- REQUIREMENT -
Each record must be printed again exactly as given.

Items from a dataset
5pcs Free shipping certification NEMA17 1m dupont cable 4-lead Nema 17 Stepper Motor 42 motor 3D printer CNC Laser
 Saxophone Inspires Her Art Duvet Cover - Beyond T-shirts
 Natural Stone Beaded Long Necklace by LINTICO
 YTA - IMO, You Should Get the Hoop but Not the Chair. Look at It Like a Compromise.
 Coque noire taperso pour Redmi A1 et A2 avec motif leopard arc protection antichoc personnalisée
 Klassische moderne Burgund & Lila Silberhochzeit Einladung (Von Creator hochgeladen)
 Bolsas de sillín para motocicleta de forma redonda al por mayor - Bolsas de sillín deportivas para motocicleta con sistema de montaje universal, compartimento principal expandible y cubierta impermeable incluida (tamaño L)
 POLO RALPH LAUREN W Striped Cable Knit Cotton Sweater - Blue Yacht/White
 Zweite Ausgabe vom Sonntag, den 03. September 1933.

- RESULT -
5pcs Free shipping certification NEMA17 1m dupont cable 4-lead Nema 17 Stepper Motor 42 motor 3D printer CNC Laser
 Saxophone Inspires Her Art Duvet Cover - Beyond T-shirts
 Natural Stone Beaded Long Necklace by LINTICO
 YTA - IMO, You Should Get the Hoop but Not the Chair. Look at It Like a Compromise.
 Coque noire taperso pour Redmi A1 et A2 avec motif leopard arc protection antichoc personnalisée
 Klassische moderne Burgund & Lila Silberhochzeit Einladung (Von Creator hochgeladen)
 Bolsas de sillín para motocicleta de forma redonda al por mayor - Bolsas de sillín deportivas para motocicleta con sistema de montaje universal, compartimento principal expandible y cubierta impermeable incluida (tamaño L)
 POLO RALPH LAUREN W Striped Cable Knit Cotton Sweater - Blue Yacht/White
 Zweite Ausgabe vom Sonntag, den 03. September 1933.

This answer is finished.